Les yeux d'Eva se mirent à briller à l'explication de Christelle. C'était agréable à voir.

« C'était vraiment une bonne idée de les mettre en contact toutes les deux. »

« Allons faire du shopping demain. J'ai entendu dire que le Centre Commercial Central de Legault a déjà les nouvelles tenues pour l'Automne et l'Hiver. Je t'apprendrai d'abord comment faire une razzia. »

« Ça a l'air génial ! »

« Qu'est-ce que tu apprends à la gamine ?! » Je m'étouffai avec mon pudding et toussai.

« Jeune Lady Sarnez, s'il vous plaît, guidez Eva pour qu'elle devienne une bonne jeune Duchesse. »

« Ne vous en faites pas. Je lui apprendrai aussi la joie de dépenser pour les autres, Votre Altesse. »

« Est-ce que ça va aller comme ça ? » Je souris amèrement.

Je ne pouvais plus les séparer maintenant, alors je prendrai de l'aide en cours de route.

« Heu... Si ça ne vous dérange pas, pourriez-vous m'acheter quelque chose aussi ? »

« Oh. C'est inattendu de votre part, Votre Altesse. »

Le visage de Christelle s'illumina de joie.

Je me rappelai comme même Benjamin et Ganael avaient eu mal à la tête pour trouver quoi m'offrir pour mon anniversaire, vu que je ne voulais d'habitude rien.

Mais ce dont j'avais besoin cette fois, ce n'était pas quelque chose pour moi.

« C'est ma première fois au Comté, mais je n'ai même pas pu préparer un cadeau correct. Je vous donne l'argent pour ça. »

« Ah, vous cherchez un cadeau de pendaison de crémaillère. »

Elle eut instantanément un air qui semblait dire qu'elle savait que ce serait quelque chose comme ça.

Eva regarda alternativement Christelle et moi avant de demander.

« Vous ne pouvez pas aller l'acheter vous-même, Votre Altesse ? »

« Je ne peux pas quitter le Palais Impérial. »

Je répondis.
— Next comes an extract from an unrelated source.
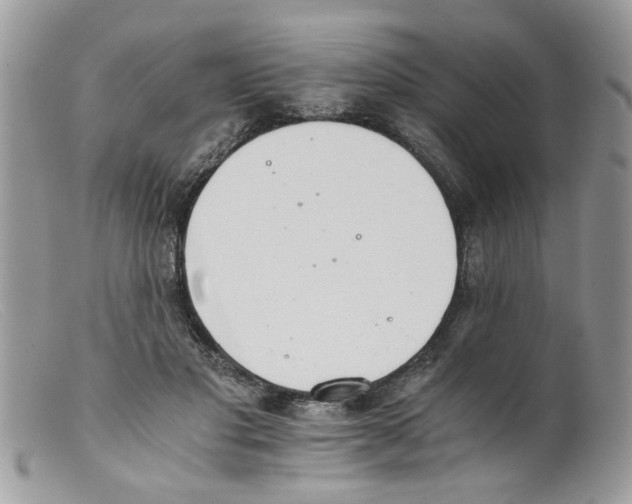 X0000098140501200805151144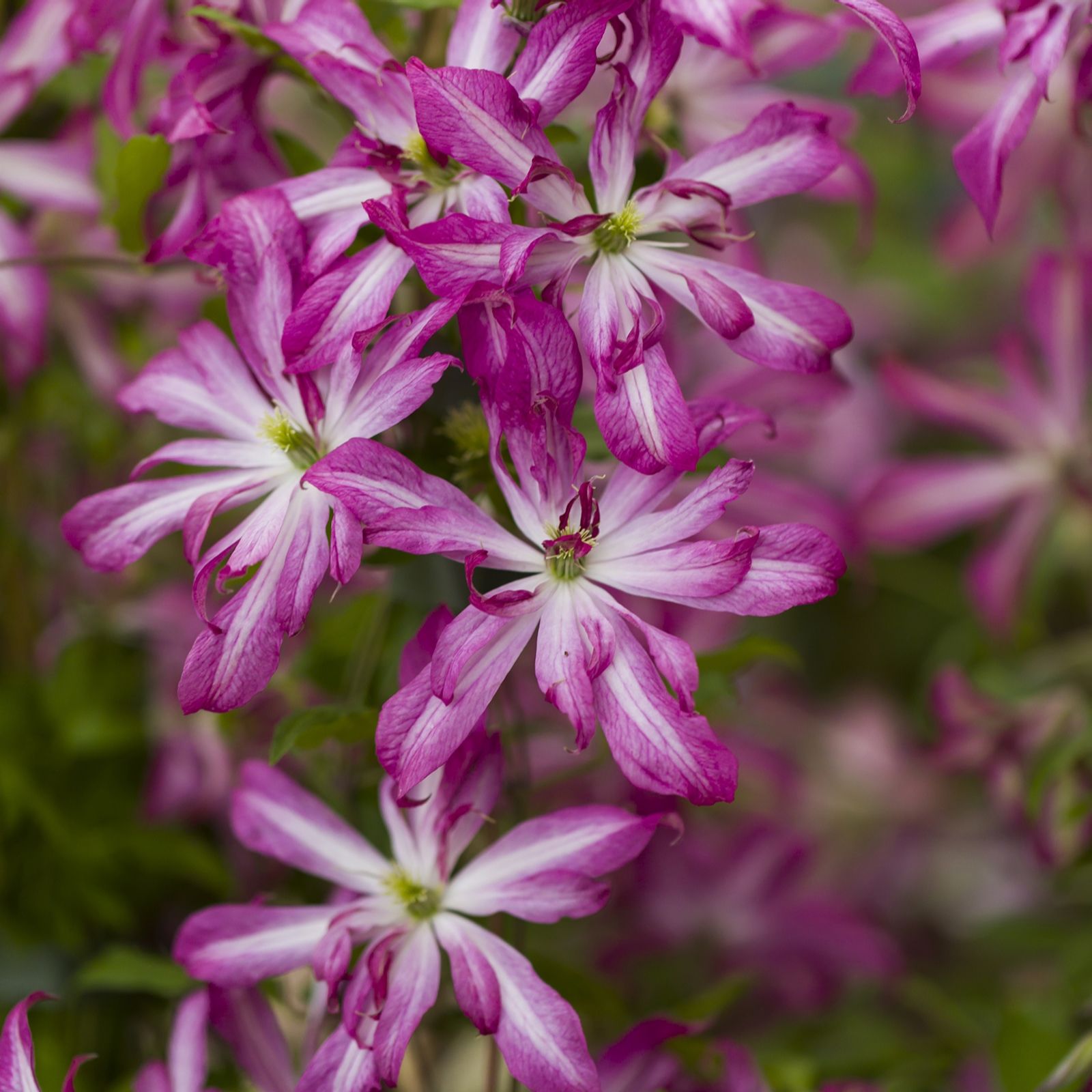 Plants2Gardens Clematis Glorious 2 litre Potted Plant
Eva parut encore plus confuse.

« Mais on est déjà en dehors du Palais Impérial. J'ai entendu dire que vous resteriez ici quelques jours, Votre Altesse. Ça ne veut pas dire qu'il vous est permis de sortir avec nous ? »

« Je n'en suis pas sûr. Cela... »

Je souris maladroitement et regardai le Prince Impérial.
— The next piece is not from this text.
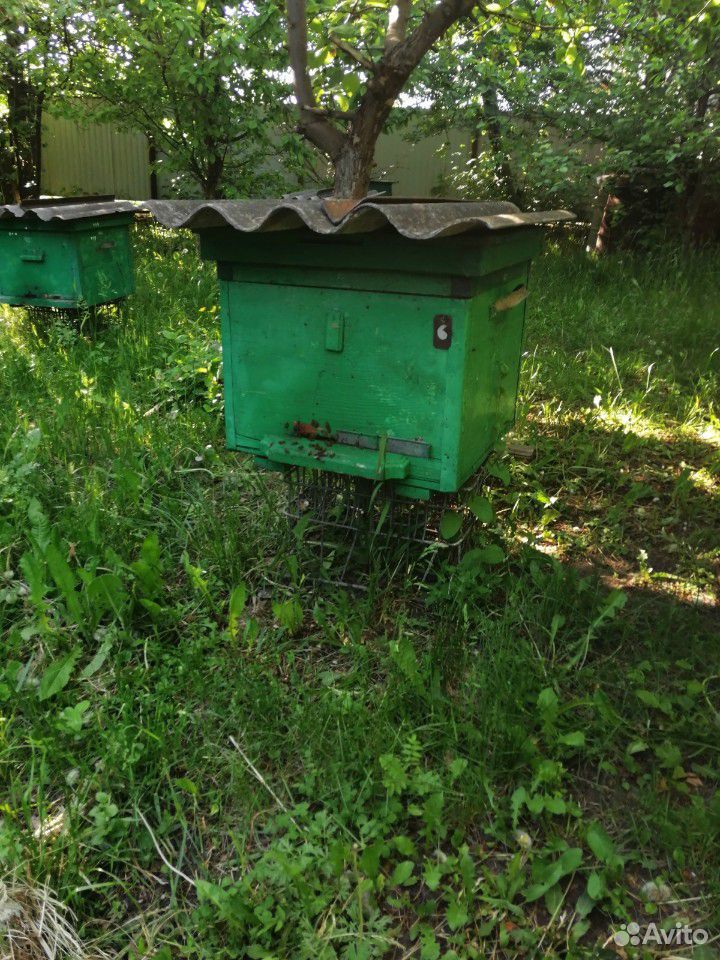 Пчелиный рой, пчелы, пчелиная семья, ульи с пчелам купить на Зозу.ру - фотография № 6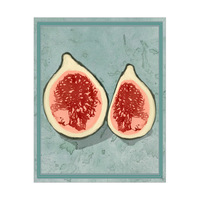 2 Figs on Paper Aqua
Christelle et Eva le regardèrent aussi. J'avalais en silence la dernière chouquette.

Où je pouvais ou non aller était une décision qui relevait uniquement de la Famille Impériale Riester.

Ça aurait été bien de voir les articles moi-même et d'entendre des infos avant d'acheter, mais il était très probable que je ne puisse pas y aller, c'est pour ça que je lui avais demandé de le faire pour moi.

Le Prince Impérial s'essuya élégamment la bouche avec une serviette.

« Je me lève en premier. »

Il lança ce commentaire avant de se lever. Il avait l'air de quelqu'un qui en avait fini avec les lieux.

Nos trois paires de yeux s'écarquillèrent face à cette remarque inattendue.

Percy, qui était sur son épaule, s'envola et atterrit sur la tête de Christelle.

« Si soudain, Votre Altesse ? »

« ... »

L'homme ignora la question de Christelle et marcha vers la porte de la serre.

Rhea et Perry se réveillèrent de leur sieste et rampèrent lentement hors du rocher.

On aurait dit qu'ils allaient suivre le Prince Impérial pour la première fois depuis longtemps.

Je caressai leur dos pendant qu'ils passaient devant moi.

Ma façon de leur dire de ne pas faire trop de bêtises.

« C'est vrai qu'il est vraiment un Prince de Glace. »

Eva marmonna d'une voix légèrement déçue.

Il y avait une sacrée différence entre son apparence et sa personnalité, mais au moins il ne s'était pas mis en colère en hurlant pour me dire que je ne pouvais pas partir.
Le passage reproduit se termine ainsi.